This experiment is the primary experiment, designed to yield similarity judgments among all voices in the database, separately for each gender. The resulting matrix will be used to determine the number and characteristic features of individual voice types through subsequent perceptual testing and the utilization of a hierarchical clustering method.
- Existing Database: 150 Voices (75 Male and 75 Female, each representing 3 age categories--young, middle-age, and old)
- All voices were recorded reading speech
- Samples will be omitted that possess any significant regional dialect, as well as speakers of advanced age
- Total Listeners: 100 (50 Male and 50 Female; 10 people per data set: stratified sampling)
- Listeners will rank all possible pairs of voice within a gender on a 1-7 scale
- 50 voices per gender for a total of 2,450 trials
- Each listener will hear a stratified sample of the 2,450 pairings, specifically 490 trials per person for 1-1.5 hours of total testing per person
The resulting similarity matrix from Experiment 1 will be submitted to Hierarchical Clustering Scheme (HCS) analysis to group the voice types into "n" number of voice types, hierarchically (from as few as two to as many as half the voice sample size). The resulting HCS levels function to group all of the voices by similarity, but also provide the necessary framework for the judgments rendered by expert listeners in Experiment 2. Figure 1 illustrates a hypothetical HCS output that groups voices into types whose population increases at higher levels of analysis.
Experiment 2: Category Number and Labels
This experiment is performed after the primary experiment using trained/expert participants to determine the number of voice types, given the HCS results from Experiment 1. Expert participants are given all of the voices in the sample to listen to and are free to create as many groups as they like, totally under the listener's control. This experiment requires concentration and a commitment to do the task with a degree of vigilance. As such, trained and dedicated "expert" participants from the Speech Perception Lab at UF will be utilized.
The purpose of Experiment 2b is to take clusters of individual voices arranged hierarchically in Experiment 2a and determine 1) the total number of clusters that will constitute the inventory of voice types and 2) coin the best descriptive labels for each voice type (this is an open set task). These determinations will be made by ten expert participants who will listen to samples of all of the voices within a gender set, arranged visually in the HCS hierarchy. The modal number of clusters across all ten participants from the Speech Perception Lab at UF will be utilized.

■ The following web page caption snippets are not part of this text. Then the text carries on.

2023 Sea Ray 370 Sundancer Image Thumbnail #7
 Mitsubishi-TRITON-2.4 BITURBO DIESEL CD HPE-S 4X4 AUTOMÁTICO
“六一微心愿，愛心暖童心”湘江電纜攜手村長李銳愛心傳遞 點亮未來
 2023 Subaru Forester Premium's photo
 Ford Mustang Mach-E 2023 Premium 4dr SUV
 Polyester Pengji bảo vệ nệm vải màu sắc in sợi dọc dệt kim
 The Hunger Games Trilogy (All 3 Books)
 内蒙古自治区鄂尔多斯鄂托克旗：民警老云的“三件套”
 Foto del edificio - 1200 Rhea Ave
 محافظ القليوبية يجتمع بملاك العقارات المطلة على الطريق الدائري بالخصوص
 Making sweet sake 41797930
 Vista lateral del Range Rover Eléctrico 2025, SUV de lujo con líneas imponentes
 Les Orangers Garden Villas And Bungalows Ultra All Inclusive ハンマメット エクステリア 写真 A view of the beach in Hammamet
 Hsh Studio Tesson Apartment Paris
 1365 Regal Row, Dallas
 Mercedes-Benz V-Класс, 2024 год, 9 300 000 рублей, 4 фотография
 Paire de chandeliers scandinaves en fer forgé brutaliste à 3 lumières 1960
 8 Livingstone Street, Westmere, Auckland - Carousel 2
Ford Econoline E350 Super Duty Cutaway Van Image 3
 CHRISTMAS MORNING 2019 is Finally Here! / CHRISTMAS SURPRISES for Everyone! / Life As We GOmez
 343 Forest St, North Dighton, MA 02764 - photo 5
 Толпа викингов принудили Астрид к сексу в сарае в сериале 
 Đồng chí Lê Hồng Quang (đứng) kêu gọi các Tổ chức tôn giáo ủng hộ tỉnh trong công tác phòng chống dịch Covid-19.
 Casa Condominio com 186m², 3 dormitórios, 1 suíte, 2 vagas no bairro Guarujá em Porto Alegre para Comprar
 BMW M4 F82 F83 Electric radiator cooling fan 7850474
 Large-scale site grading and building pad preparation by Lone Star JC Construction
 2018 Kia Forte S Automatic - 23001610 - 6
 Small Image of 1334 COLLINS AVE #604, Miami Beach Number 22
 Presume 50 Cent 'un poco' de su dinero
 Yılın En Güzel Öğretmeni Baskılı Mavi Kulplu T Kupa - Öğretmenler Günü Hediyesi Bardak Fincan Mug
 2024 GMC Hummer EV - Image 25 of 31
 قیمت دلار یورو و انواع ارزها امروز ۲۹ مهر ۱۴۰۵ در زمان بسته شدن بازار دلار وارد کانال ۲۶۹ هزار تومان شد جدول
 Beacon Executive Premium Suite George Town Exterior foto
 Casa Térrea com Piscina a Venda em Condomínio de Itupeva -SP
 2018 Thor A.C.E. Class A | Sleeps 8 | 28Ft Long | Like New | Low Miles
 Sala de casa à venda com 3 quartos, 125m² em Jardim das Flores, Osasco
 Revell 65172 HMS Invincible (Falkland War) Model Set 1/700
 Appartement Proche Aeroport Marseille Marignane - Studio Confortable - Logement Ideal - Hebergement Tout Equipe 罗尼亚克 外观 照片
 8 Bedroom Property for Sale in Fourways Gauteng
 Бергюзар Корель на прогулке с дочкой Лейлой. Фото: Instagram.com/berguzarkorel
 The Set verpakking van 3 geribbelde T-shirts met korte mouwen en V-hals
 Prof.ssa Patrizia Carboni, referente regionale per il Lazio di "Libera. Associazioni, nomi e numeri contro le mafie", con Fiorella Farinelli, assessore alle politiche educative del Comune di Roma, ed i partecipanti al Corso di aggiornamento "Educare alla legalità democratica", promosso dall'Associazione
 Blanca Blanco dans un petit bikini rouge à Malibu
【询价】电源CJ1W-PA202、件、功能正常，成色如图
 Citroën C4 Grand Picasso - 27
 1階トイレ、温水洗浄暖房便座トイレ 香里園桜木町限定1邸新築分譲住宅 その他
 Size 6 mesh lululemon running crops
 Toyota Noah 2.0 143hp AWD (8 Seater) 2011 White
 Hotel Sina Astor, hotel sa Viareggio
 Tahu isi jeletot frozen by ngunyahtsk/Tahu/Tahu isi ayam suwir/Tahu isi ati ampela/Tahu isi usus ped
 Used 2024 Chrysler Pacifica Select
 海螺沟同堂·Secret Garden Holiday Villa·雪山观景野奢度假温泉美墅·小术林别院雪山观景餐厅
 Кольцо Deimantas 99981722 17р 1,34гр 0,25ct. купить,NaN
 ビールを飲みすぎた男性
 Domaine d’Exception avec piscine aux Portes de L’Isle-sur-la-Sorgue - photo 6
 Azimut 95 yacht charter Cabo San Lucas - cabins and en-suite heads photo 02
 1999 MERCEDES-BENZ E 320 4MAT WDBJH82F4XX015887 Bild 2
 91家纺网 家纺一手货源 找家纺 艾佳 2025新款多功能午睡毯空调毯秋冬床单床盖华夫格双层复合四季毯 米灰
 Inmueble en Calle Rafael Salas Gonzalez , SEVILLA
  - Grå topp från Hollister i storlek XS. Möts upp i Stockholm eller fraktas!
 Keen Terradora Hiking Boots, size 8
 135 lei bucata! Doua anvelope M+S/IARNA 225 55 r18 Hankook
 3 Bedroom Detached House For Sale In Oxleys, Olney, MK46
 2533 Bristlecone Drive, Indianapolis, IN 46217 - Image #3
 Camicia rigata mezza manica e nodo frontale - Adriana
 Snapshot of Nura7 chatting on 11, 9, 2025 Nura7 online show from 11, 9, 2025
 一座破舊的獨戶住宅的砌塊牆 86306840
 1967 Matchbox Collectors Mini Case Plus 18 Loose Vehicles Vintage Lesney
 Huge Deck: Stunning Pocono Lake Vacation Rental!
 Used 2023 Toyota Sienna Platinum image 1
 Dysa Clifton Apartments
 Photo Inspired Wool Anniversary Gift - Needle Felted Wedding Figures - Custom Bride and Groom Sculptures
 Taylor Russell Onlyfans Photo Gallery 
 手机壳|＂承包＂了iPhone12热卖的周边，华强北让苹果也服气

This experiment also uses trained/expert participants to determine the labels for the voice types. In this case, the subjects will be provided with a limited, but familiar set of adjectives to describe the quality, type, and distinguishing features of the voices in a given set. "Here are some voice type labels, apply the best 50 labels to your categories that you can, creating the best match--though you may not be totally happy with the results." Adjectives and vocabulary items to describe human voices and vocal pleasantness will be obtained in part through through literature on voice quality and interviews with members of the acting and singing departments at UF and voice casting agents (where the result of these experiments will eventually find utility) and from the adjectives generated in Experiment 2b.. Examples might include: grumbly, twangy, raspy, nasally, etc.